┌────────

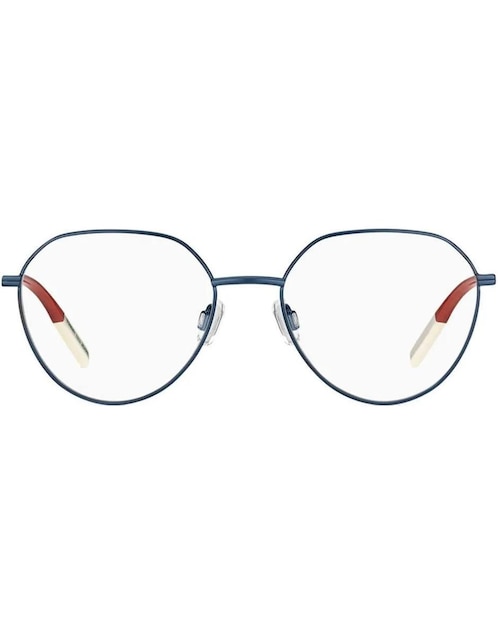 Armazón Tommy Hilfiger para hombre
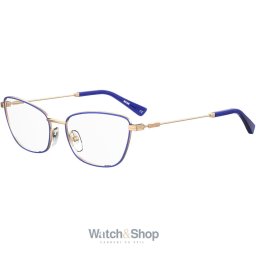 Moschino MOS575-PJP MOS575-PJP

└────────
┌────────

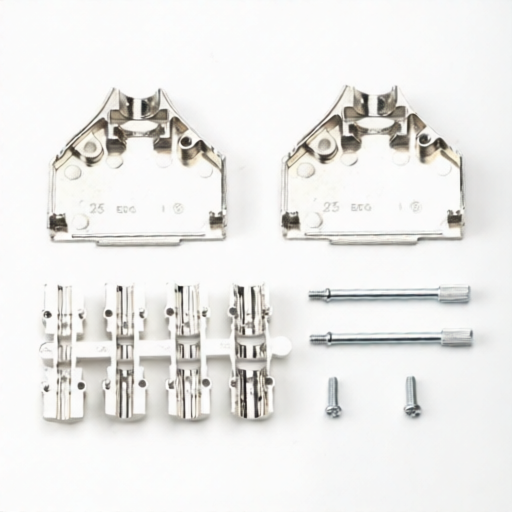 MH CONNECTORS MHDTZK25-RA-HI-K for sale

└────────

Reproduce the data above exactly, but only the lines from the one showing "Armazón Tommy Hilfiger para hombre" through the one showing "Moschino MOS575-PJP MOS575-PJP", with both ends kept and the pictures left out.

 Armazón Tommy Hilfiger para hombre
 Moschino MOS575-PJP MOS575-PJP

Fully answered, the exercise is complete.